Aos cerca de 150 fiéis que participaram no encontro, entre eles o rancho de Romeiros de Água d´Alto, prestes a sair em romaria, bem como dirigentes de outros movimentos de apostolado, e depois de enquadrar este documento no contexto da resposta dada a um conjunto de cardeais, o Vigário Episcopal para o Clero e Formação deixou uma interpelação: “Durante a guerra colonial abençoávamos carros de combate, metralhadoras e outros equipamentos bélicos. Ninguém questionava. Hoje abençoamos coisas e animais e ninguém questiona. Porque razão abençoar as pessoas ou as condições que permitem a paz e o bem estar entre elas é susceptível de dúvida?”.

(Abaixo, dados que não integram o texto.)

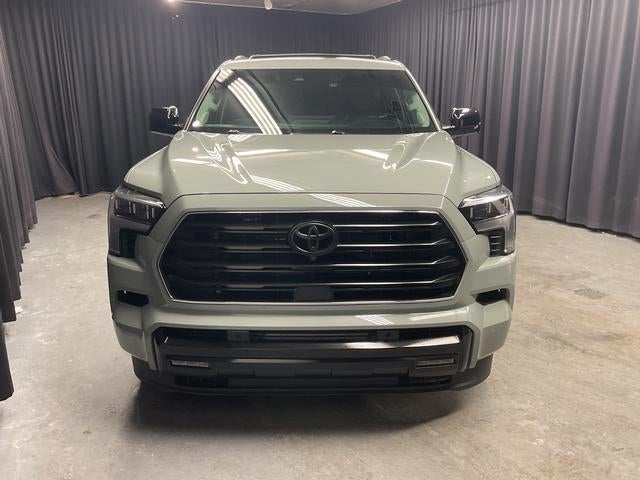 2024 Toyota Sequoia SR5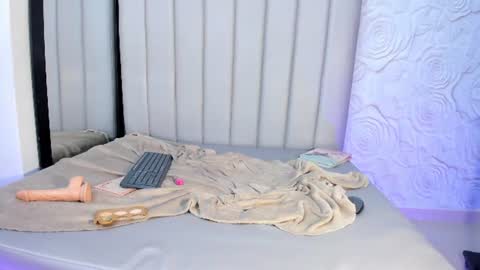 Snapshot of missdolllive chatting on 28, 7, 2026 Dolly online show from 28, 7, 2026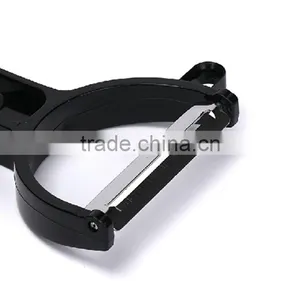 PE-0260 Vegetable And Fruit Peeler thumbnail-3
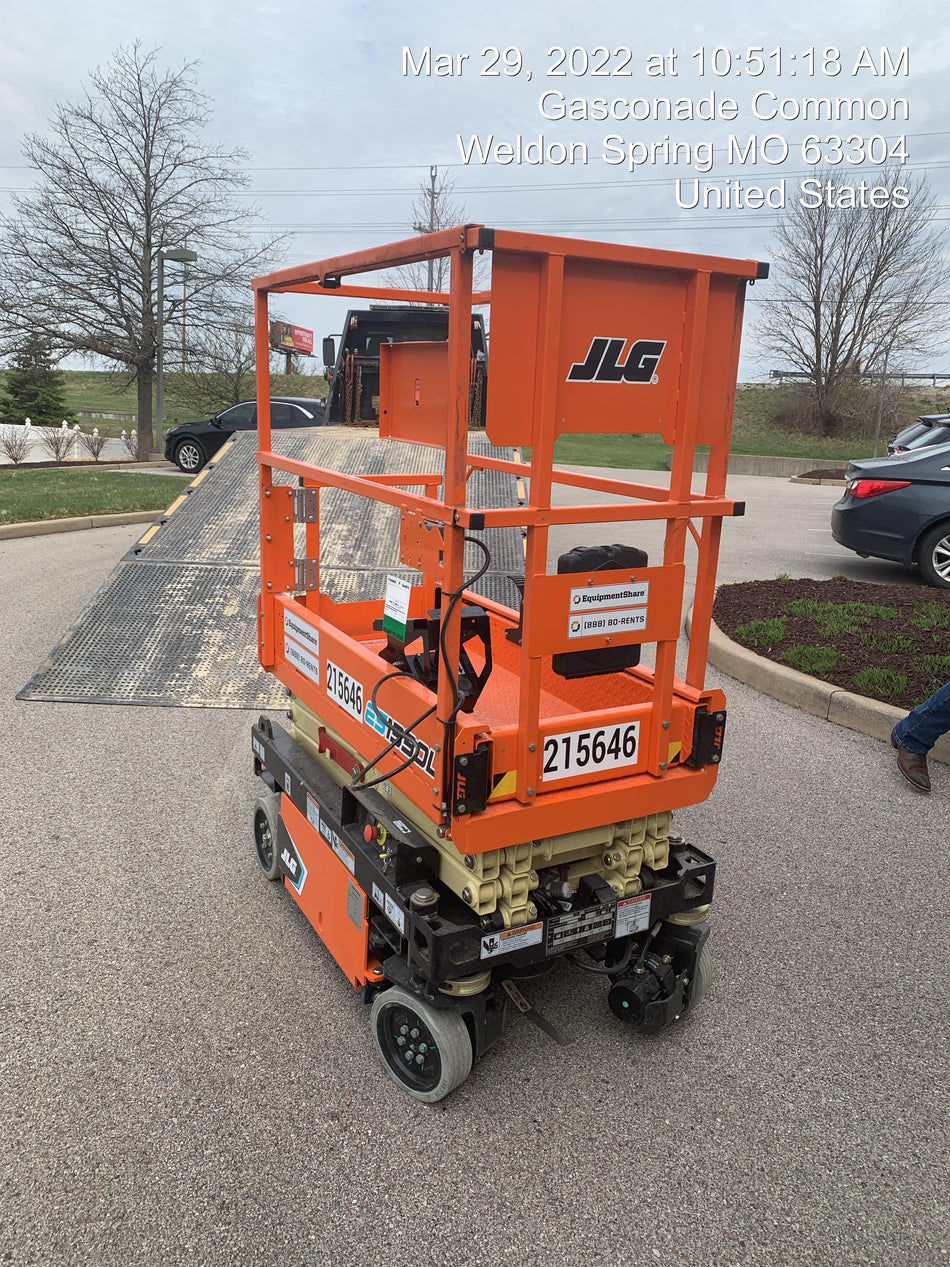2022 JLG ES1330L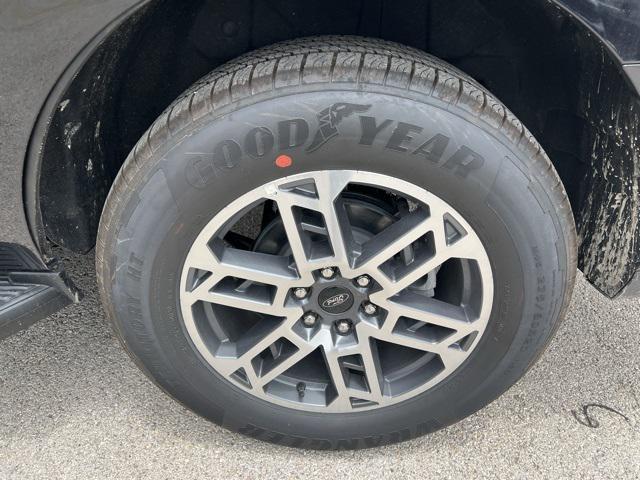 new 2025 Ford Expedition car, priced at $63,746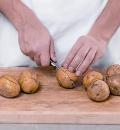 Фото приготовления рецепта: Картофель, запеченный с салом, шаг №2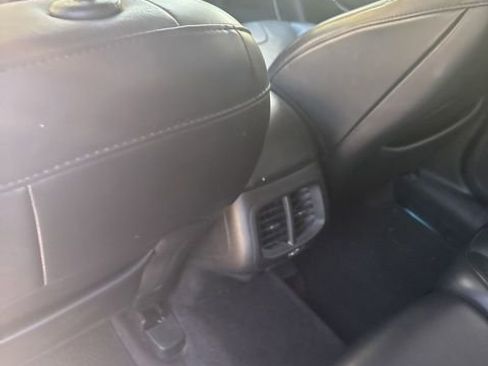 Used 2017 Jeep Cherokee Overland w/ Technology Group image 20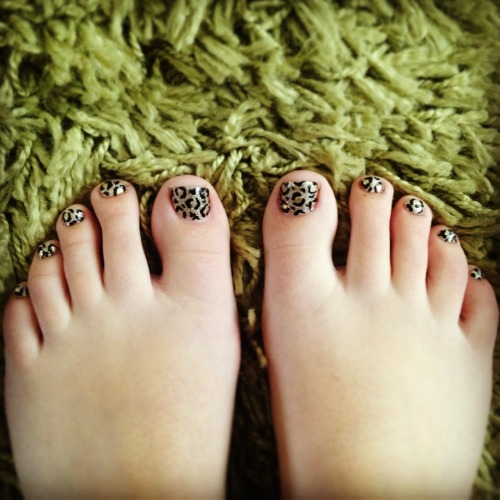 Toenails done for the holiday, can’t go wrong with classic leopard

“O meu sonho é que a Igreja possa aceitar pela via da caridade todos os que são diferentes. Jesus nunca excluiu ninguém, nem nas situações em que a lei da época não o permitia” disse ainda, prosseguindo: “quando a verdade e o bem não coincidem deve prevalecer o bem pois nunca se ofende Jesus”, concluiu.
O sacerdote reconheceu, por seu lado, a “prudência e cautela” da terminologia mas refere que o que este documento salvaguarda é a confusão: “A Igreja deixa claro que distingue entre aquilo que é um sacramento e uma situação que deve ser acolhida através de uma bênção informal e espontânea”, o que “é um salto grande na inclusão, na sinodalidade e no respeito pelas pessoas que vivem uma situação sexual diferente daquela que é aceite pela Igreja”.
“Não posso abençoar a relação em si mas o bem e a paz que esta relação pode trazer às pessoas, isto é, abençoar as pessoas e o que elas representam. Não terei problemas nenhuns em abençoar estas relações” conclui.
O Vaticano disse em dezembro, numa decisão histórica aprovada pelo Papa Francisco, que os padres católicos romanos podem administrar bênçãos a casais do mesmo sexo ou casais em situação irregular, desde que não façam parte de rituais ou liturgias regulares da Igreja.
Esta bênção não “será realizada ao mesmo tempo que os ritos civis de união, nem mesmo em relação a eles”, refere no documento o Dicastério para a Doutrina da Fé, órgão da Santa Sé, aprovado pelo Papa Francisco.
“É possível benzer os casais em situação irregular e os casais do mesmo sexo, sob uma forma que não deve ser fixada ritualmente pelas autoridades eclesiásticas, para não criar confusão com a bênção própria do sacramento do casamento”, explica-se no documento publicado em várias línguas pelo Vaticano.